Saturday, November 24, 2018

The Shower Guy

I was with John in the audience that night when Late Night with David Letterman was taped in San Francisco. The whole story is extra-rich with nuance, texture, and details, but my one-line summary captures some of John's finer essences: He's the only guy I've ever known who could pay $250--when (1996) that was a tidy sum--for a free ticket--he bought a pair of tickets for us from a Craigslist ad--and *profit* from the deal. You see, as The Shower Guy, John did enough on-camera "work" to earn a union scale paycheck for the effort. I can't remember the amount precisely, but the check was for over $600. And he got a plush bath robe (presumably Letterman's or a duplicate), two towels, I believe a wash cloth, some flip-flops, and he pilfered a show script on his way out.
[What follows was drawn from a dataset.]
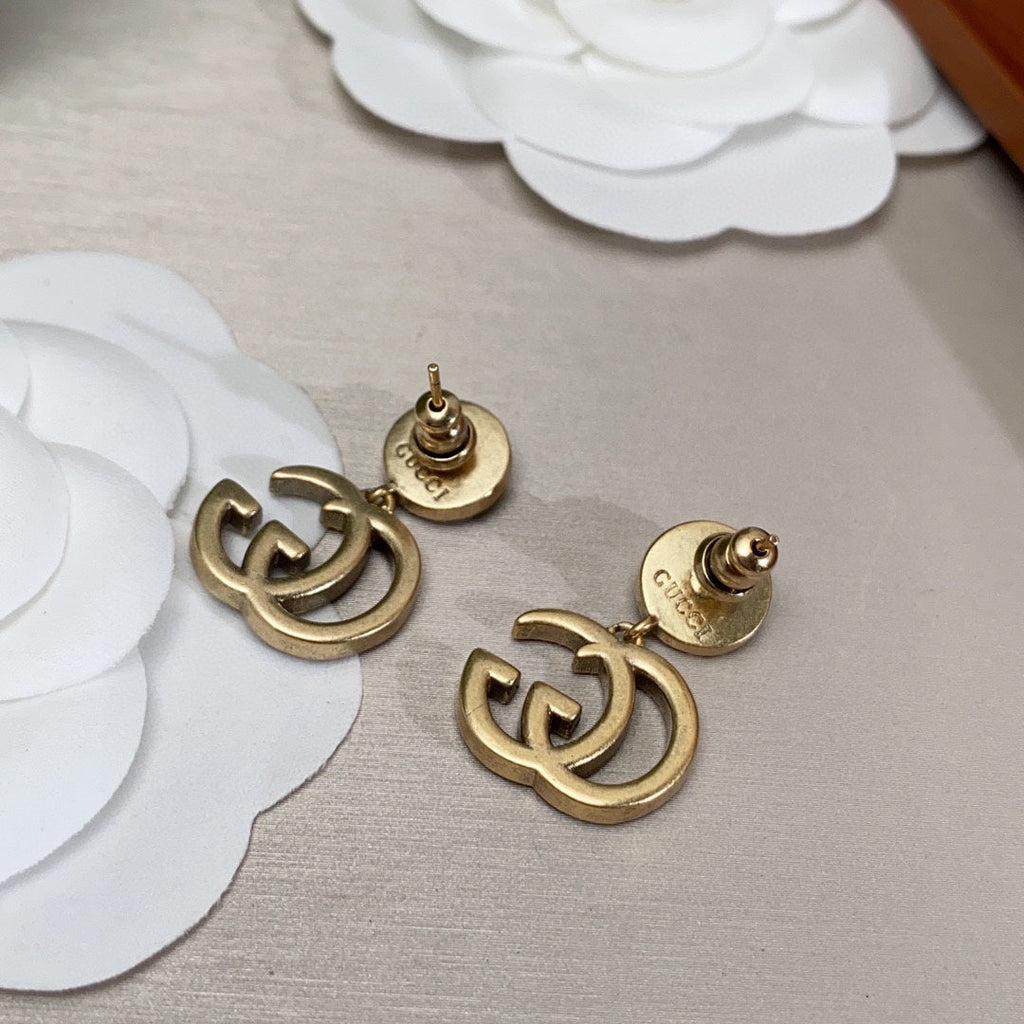 18K Gucci Crystal Pendant Earrings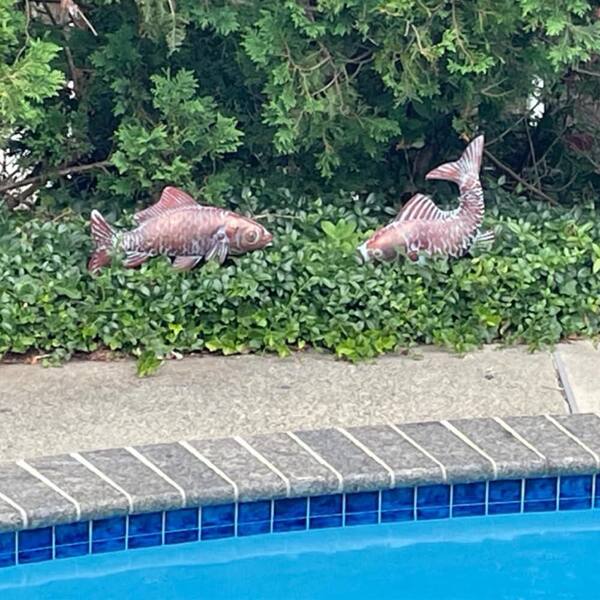 2 Koi Fish Antique Copper Outdoor Garden Statues 0987DMXGB - The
John most definitely engineered himself to maximize the probability that Letterman would notice and talk to him, but providence played a part as well. As we were being seated, almost all of the first rows in the center section were filled, and if we had dutifully followed the line of people, we would have been seated way in the back of the stage-left section, an area that would be far from Letterman and very much in the dark during the show.



There were, however, two single seats on the isle in rows two and three; I realized it was imperative that John take one of those seats, so I asked the usher if we could sit there. He shrugged his shoulders, looked at John for a moment (I realized this later), and said "sure." In life, sometimes you have to work hard to get lucky.



We would not sit together, which made me unhappy because John and I would not be able to commiserate during the show (we were both big Letterman fans). As it turned out, it didn't matter: John was backstage after Letterman's monologue anyway. :)



John never lost the best parts of childish curiosity and had a sense of polite mischief all his own. Once, after an evening meal at The Asilomar Microcomputer Workshop, he asked the attendees, "Can I have a show of hands please. Who had the chicken? Okay, who had the beef? And, finally, who had the pork? Okay, thanks." Of course, about a third of the group responded to each choice despite the fact that we all had the same meal. After about ten seconds, the group understood the it had been duped and the point of the prank.



I saw him a few weeks and spoke to him a couple of days before his passing, and even in his final days, he continued to find humor in and express amazement at the ways of the world. I worked closely with John off and on for over ten years, and I feel fortunate to have experienced and benefitted from his unique, special, and gentle genius.